About this task. In the entries that follow, find the line containing "1088 Sumner Ave, Springfield, MA 01118 - #1" and the line containing "M Suites Hotel - Lobi", then retype exactly the lines from the first through the second, pictures excluded.

[Recorded data]
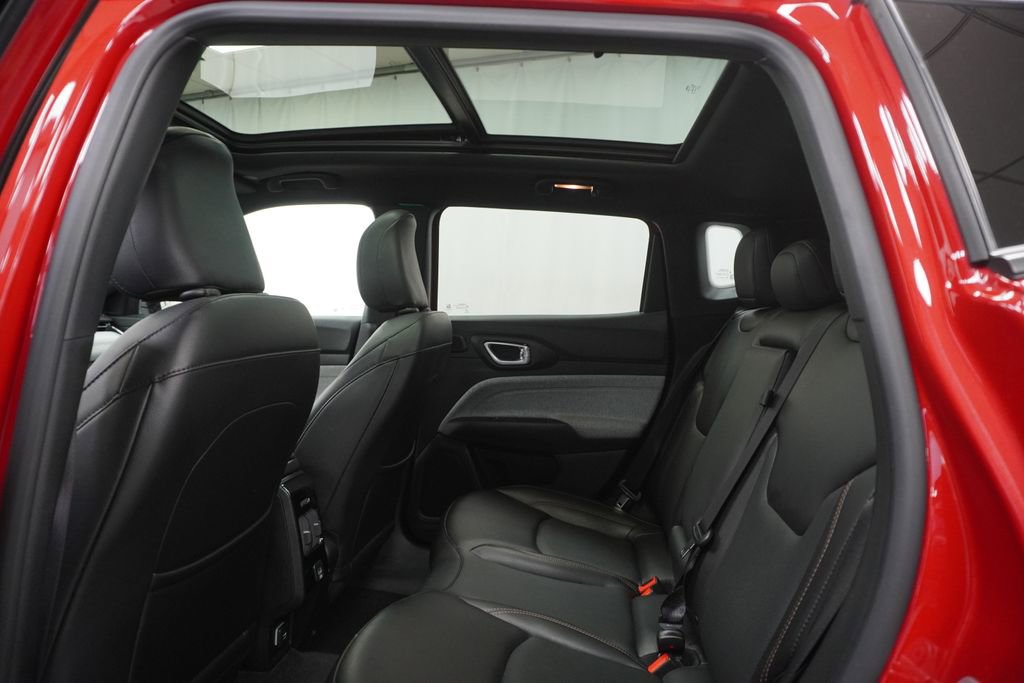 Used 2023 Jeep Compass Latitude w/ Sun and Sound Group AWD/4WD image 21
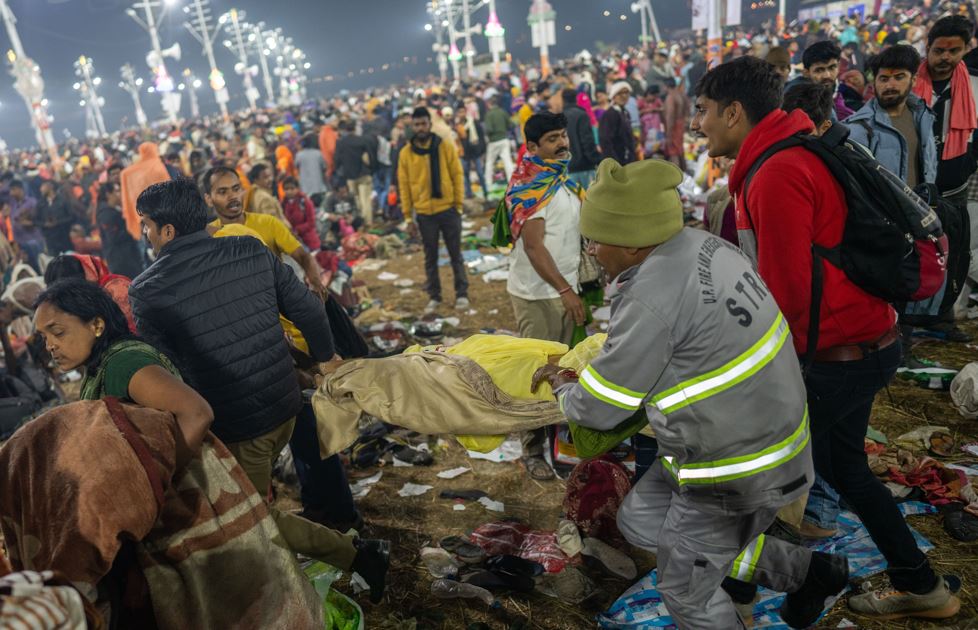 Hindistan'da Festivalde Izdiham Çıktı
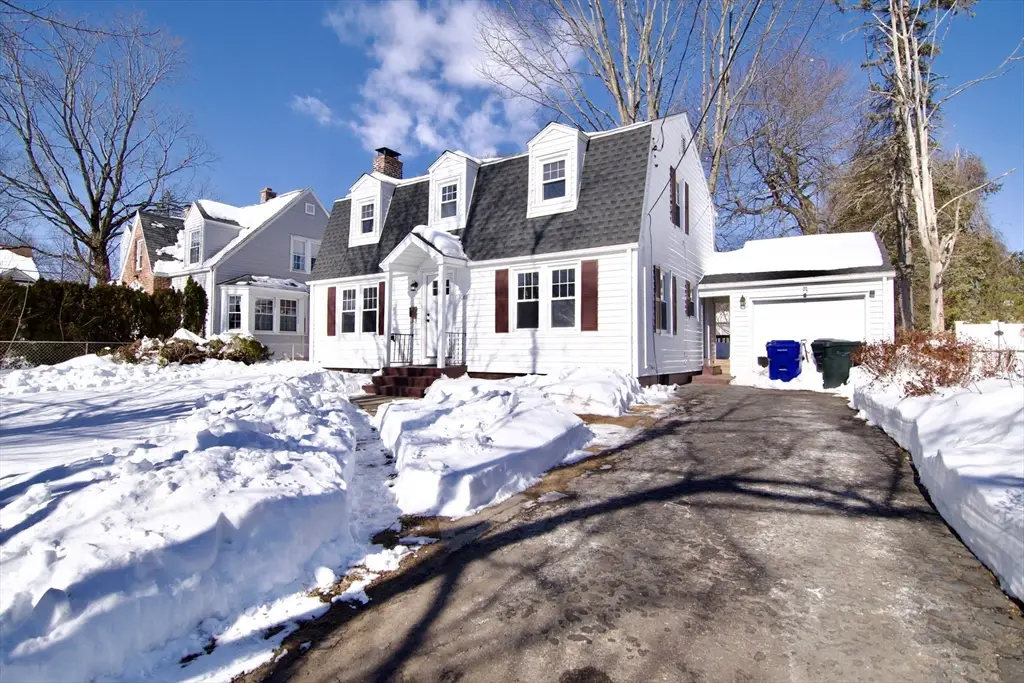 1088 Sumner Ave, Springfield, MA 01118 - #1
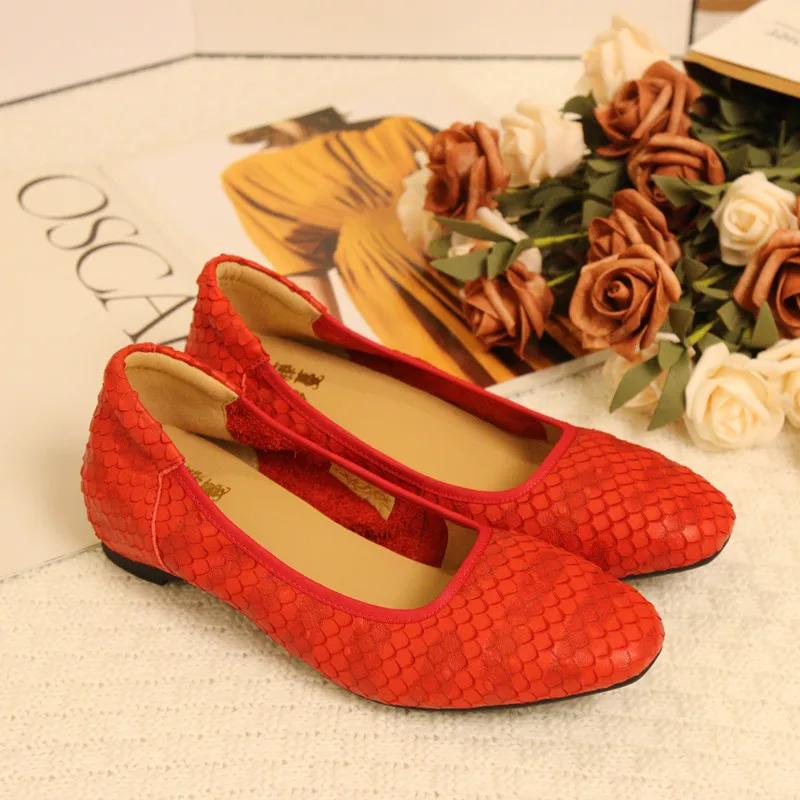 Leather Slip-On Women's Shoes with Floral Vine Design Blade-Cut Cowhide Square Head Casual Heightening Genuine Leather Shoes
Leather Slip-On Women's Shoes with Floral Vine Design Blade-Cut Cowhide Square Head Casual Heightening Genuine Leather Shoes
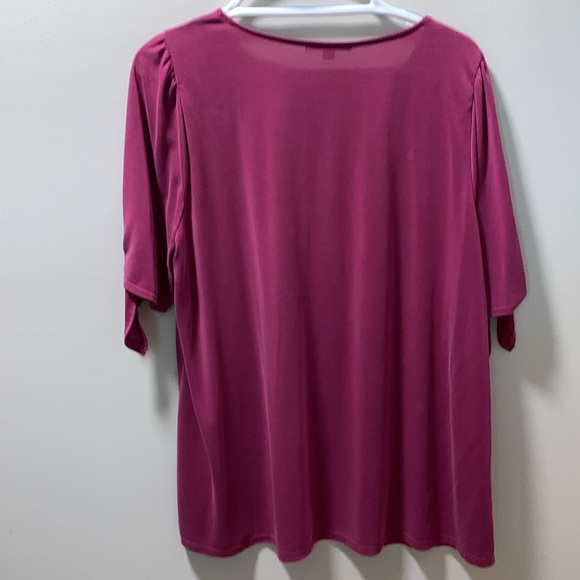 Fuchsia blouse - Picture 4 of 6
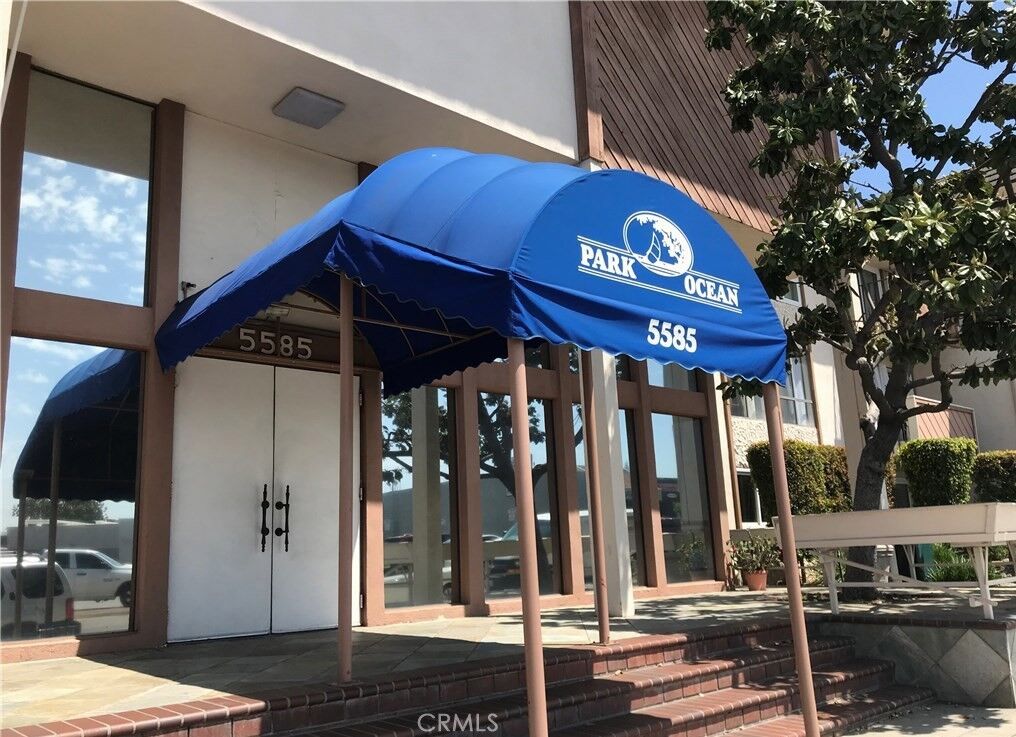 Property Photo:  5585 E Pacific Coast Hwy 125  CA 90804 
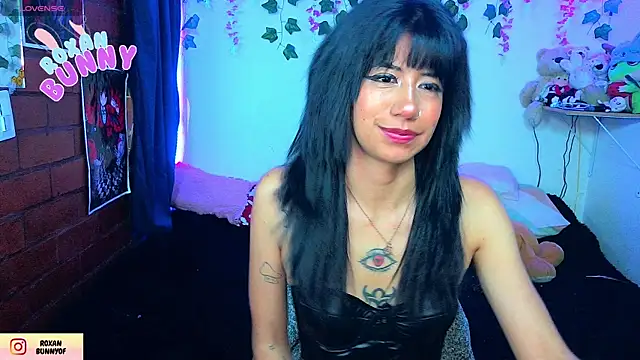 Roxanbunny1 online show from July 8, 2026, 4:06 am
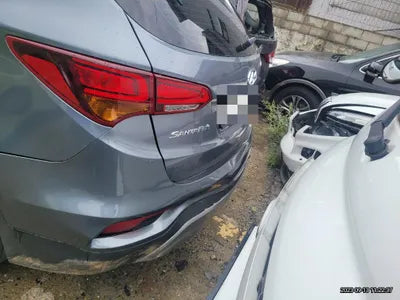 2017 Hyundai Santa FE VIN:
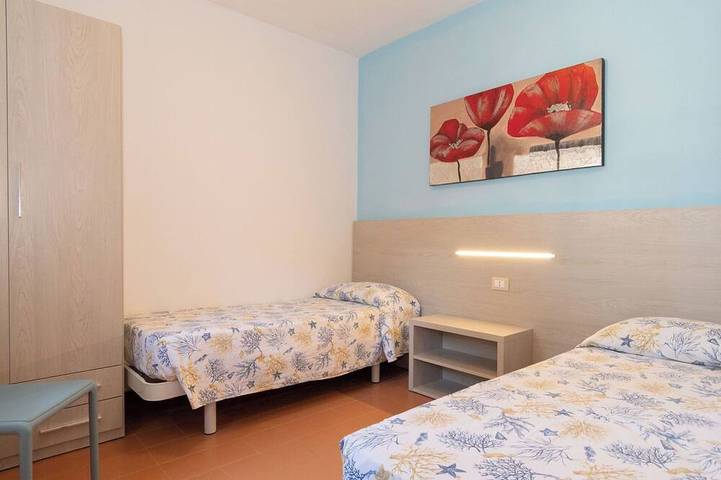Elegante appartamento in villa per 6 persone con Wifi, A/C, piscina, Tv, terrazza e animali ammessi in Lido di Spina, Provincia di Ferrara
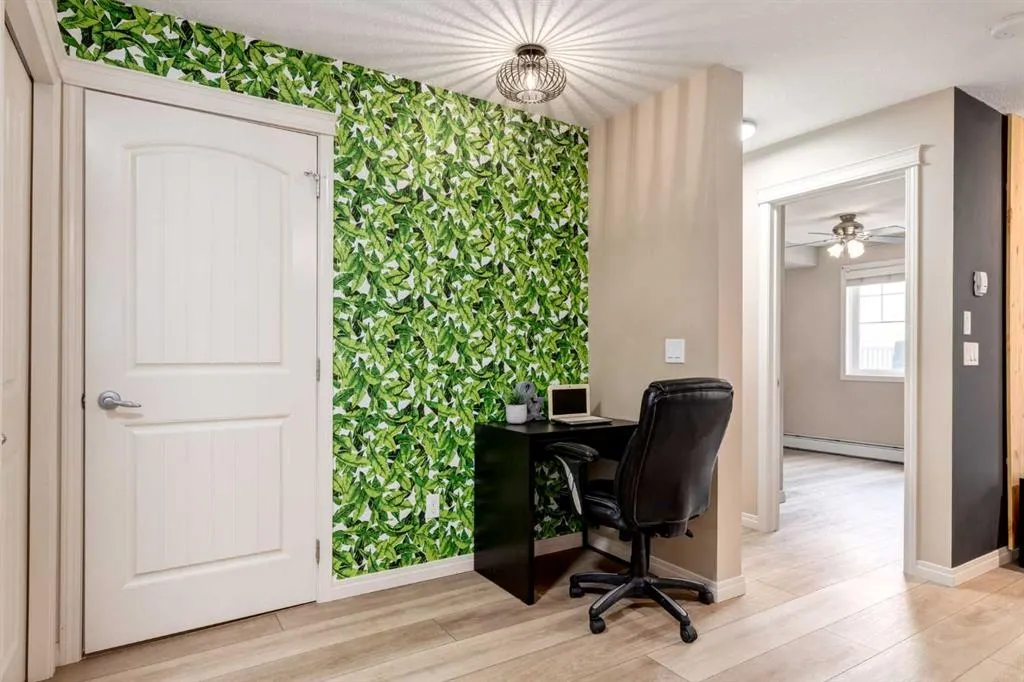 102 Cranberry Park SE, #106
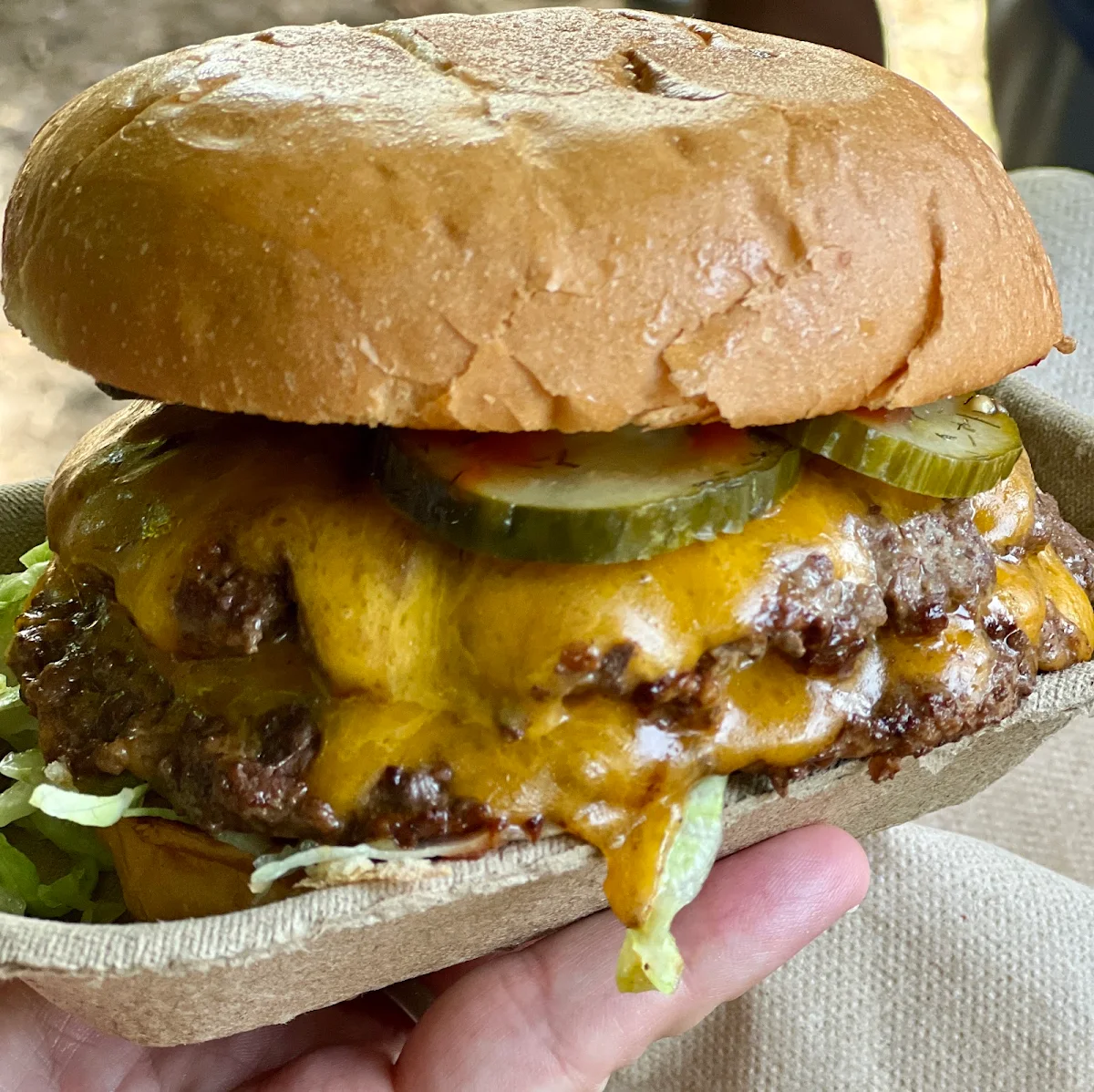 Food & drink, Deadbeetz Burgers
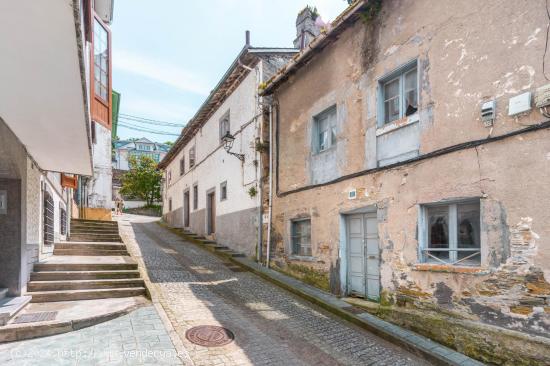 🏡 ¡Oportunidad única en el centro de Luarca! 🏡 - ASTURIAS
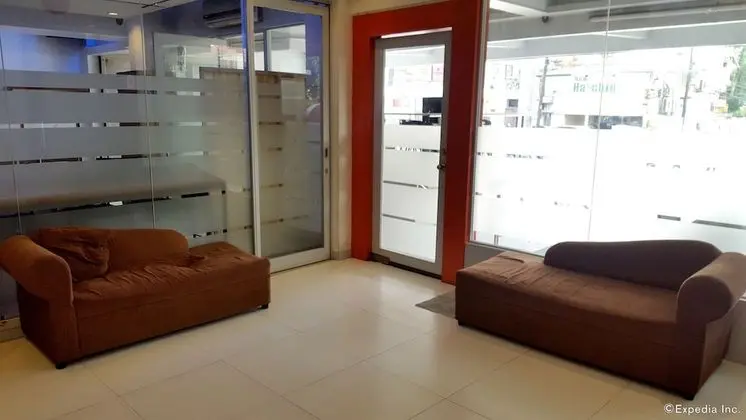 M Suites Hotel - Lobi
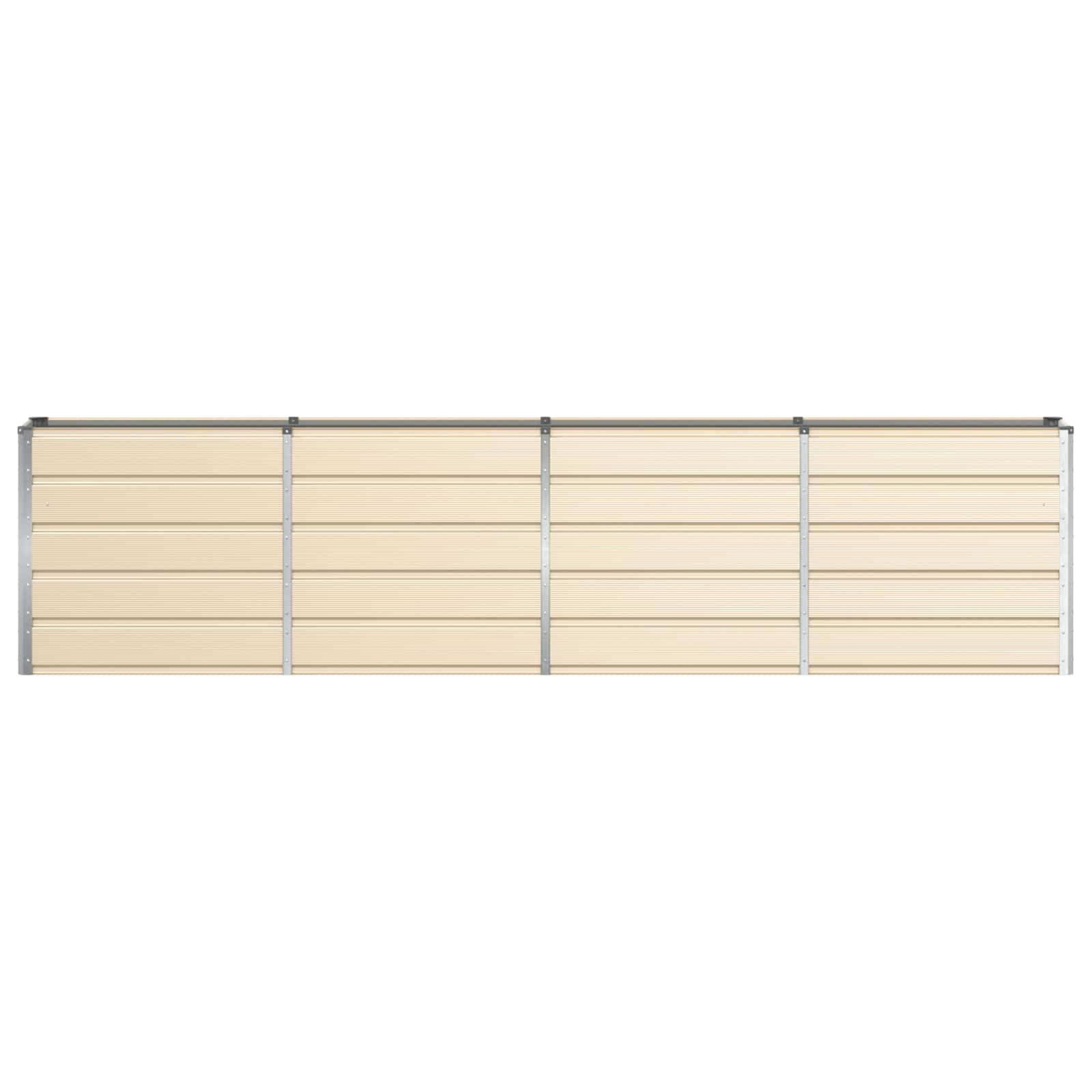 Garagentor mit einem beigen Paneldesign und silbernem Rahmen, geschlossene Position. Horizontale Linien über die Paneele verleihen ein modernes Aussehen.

Answer to this problem.
 1088 Sumner Ave, Springfield, MA 01118 - #1
 Leather Slip-On Women's Shoes with Floral Vine Design Blade-Cut Cowhide Square Head Casual Heightening Genuine Leather Shoes
Leather Slip-On Women's Shoes with Floral Vine Design Blade-Cut Cowhide Square Head Casual Heightening Genuine Leather Shoes
 Fuchsia blouse - Picture 4 of 6
 Property Photo:  5585 E Pacific Coast Hwy 125  CA 90804 
 Roxanbunny1 online show from July 8, 2026, 4:06 am
 2017 Hyundai Santa FE VIN:
Elegante appartamento in villa per 6 persone con Wifi, A/C, piscina, Tv, terrazza e animali ammessi in Lido di Spina, Provincia di Ferrara
 102 Cranberry Park SE, #106
 Food & drink, Deadbeetz Burgers
 🏡 ¡Oportunidad única en el centro de Luarca! 🏡 - ASTURIAS
 M Suites Hotel - Lobi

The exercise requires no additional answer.